My algebra background: I've had 2 undergrad semesters of algebra, a reading course in Galois Theory, a graduate course in commutative algebra and one in algebraic geometry, and I've done (most of) MacLane and Birkhoff's Algebra on my own.
The problem is that I feel like I still don't have any idea how to do algebra. I do well in my classes and don't have any problem with most exercises in M&B I do. But my process consists pretty much entirely of fiddling around with symbols until I figure out how to apply theorems I know in a completely straightforward way. I'm able to do exercises from a book, but rarely able to prove theorems in the text on my own.
This is a complete contrast to how I feel in topology and analysis (not that I really know any topology or analysis), where I have a halfway decent intuition and really think I know why things are true (and moreover, why anyone should care). I'm able to prove theorems.

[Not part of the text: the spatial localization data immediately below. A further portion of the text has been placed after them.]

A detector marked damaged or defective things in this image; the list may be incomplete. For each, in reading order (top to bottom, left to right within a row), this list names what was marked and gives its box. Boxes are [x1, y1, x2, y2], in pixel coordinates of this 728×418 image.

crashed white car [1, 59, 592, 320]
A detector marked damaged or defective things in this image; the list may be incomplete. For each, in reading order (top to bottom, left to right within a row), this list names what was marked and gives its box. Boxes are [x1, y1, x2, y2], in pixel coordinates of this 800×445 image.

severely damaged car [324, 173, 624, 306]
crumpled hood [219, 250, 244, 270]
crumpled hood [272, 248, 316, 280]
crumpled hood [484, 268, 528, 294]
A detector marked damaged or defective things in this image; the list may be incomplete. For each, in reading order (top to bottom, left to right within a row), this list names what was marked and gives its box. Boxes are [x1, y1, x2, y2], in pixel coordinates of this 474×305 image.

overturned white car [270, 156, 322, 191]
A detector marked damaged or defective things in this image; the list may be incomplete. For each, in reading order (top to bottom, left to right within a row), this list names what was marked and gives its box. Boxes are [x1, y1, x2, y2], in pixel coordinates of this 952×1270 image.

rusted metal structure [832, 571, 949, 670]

In topology and analysis, I am able to visualize things pretty directly in a way that I can get insight into how things work. For algebra, I have no picture. I've tried learning about Cayley graphs to visualize groups. I think these are neat, but I have yet to successfully apply any insight from them. I hoped learning about algebraic geometry would help me visualize rings. But the geometry in algebraic geometry is dictated entirely by the algebra. So how can you use geometry to help you with the algebra, when you have to do the algebra first to figure out what the geometry looks like? I don't get it.

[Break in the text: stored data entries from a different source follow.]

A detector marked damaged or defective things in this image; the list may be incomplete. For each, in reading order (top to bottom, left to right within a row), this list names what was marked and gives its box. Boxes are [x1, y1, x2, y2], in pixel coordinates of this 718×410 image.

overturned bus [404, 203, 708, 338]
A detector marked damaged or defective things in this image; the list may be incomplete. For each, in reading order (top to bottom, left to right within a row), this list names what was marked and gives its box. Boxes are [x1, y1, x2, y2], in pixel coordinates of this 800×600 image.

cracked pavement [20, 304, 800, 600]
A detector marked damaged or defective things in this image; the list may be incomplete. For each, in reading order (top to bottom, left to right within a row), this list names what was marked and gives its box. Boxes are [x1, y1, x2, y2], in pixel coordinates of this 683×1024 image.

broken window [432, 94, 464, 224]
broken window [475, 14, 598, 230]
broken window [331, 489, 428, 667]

So the question I'm trying to get at is: How do I develop some insight or intuition about algebra? I don't really know what form answers might take; maybe a reading suggestion, or just a general way to look at things. Maybe this isn't a good question, but I'm kind of at the end of my rope with this stuff.
A particular user on MathOverflow said he fell in love with algebra the first time he saw the axioms for a group. When I first saw the axioms for a group, I spent the next year trying to figure out why the heck anybody cared about groups (and frankly still only know this in a detached and academic way). So it's possible the only answer is: I'm barking up the wrong tree; algebra isn't for me and I should move on to something that comes more naturally.